== THE TASK ==
When you reach the line containing "Hey guys, this" in the entries below, start writing out each line exactly, and stop after the line containing "In Hadoop 2, we".

== EXERCISE INPUTS ==

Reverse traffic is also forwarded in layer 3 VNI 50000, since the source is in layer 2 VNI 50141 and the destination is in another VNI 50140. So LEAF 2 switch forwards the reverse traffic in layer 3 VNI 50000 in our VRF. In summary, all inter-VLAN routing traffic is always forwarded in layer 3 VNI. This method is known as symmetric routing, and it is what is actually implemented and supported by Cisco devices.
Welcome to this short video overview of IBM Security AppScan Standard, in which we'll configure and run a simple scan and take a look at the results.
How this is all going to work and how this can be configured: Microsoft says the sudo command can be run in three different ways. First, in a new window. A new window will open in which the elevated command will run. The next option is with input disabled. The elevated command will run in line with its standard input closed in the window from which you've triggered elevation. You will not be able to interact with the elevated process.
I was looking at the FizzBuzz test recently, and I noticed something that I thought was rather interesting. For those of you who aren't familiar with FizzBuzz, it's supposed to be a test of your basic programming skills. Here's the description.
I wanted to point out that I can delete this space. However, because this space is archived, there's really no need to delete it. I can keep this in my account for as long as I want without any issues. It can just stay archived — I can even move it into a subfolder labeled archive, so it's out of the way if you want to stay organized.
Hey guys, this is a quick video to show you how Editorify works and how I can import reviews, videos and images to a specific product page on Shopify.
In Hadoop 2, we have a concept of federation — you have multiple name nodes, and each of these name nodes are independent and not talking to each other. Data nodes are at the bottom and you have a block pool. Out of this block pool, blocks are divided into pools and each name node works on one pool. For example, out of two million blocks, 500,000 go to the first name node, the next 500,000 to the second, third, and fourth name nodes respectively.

--

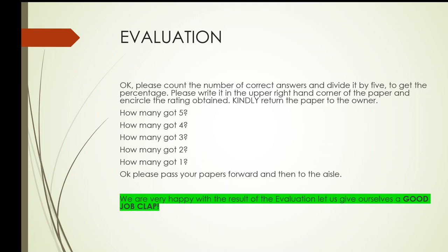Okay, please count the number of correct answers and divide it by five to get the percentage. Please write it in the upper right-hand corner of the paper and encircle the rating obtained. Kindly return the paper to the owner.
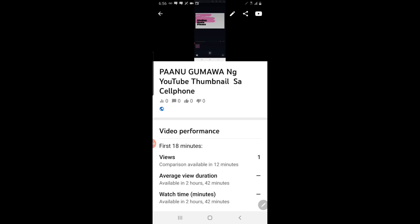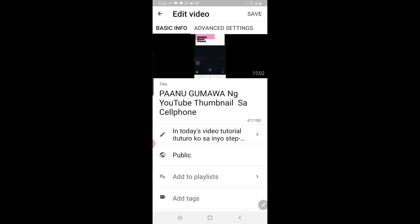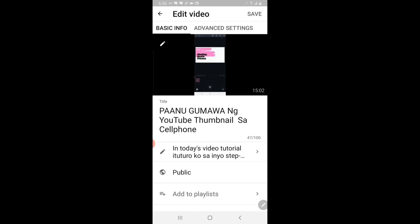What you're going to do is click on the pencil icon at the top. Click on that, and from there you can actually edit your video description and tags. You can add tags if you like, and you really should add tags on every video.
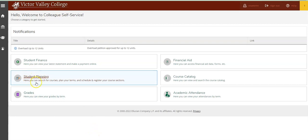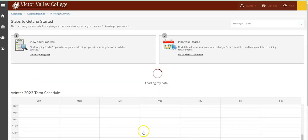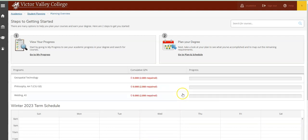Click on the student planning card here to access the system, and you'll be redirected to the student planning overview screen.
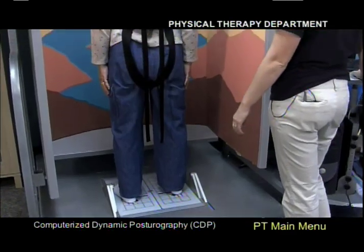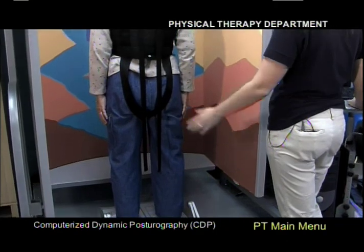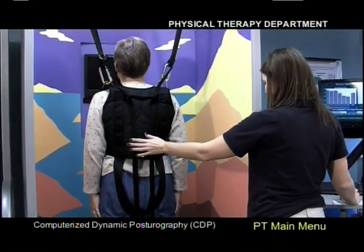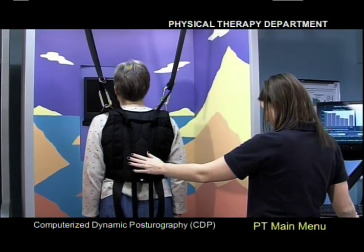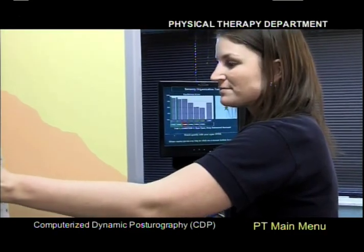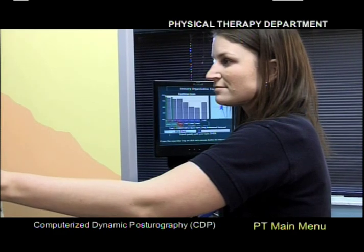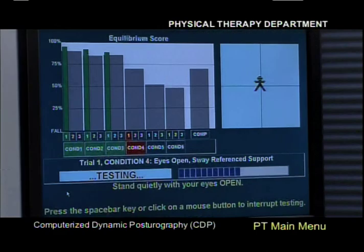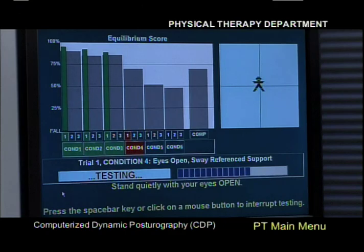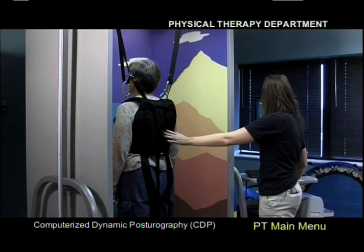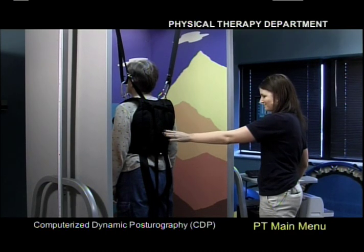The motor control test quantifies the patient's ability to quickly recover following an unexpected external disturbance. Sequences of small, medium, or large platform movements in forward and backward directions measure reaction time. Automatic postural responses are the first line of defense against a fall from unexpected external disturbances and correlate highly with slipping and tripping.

== ANSWER SECTION ==
Hey guys, this is a quick video to show you how Editorify works and how I can import reviews, videos and images to a specific product page on Shopify.
In Hadoop 2, we have a concept of federation — you have multiple name nodes, and each of these name nodes are independent and not talking to each other. Data nodes are at the bottom and you have a block pool. Out of this block pool, blocks are divided into pools and each name node works on one pool. For example, out of two million blocks, 500,000 go to the first name node, the next 500,000 to the second, third, and fourth name nodes respectively.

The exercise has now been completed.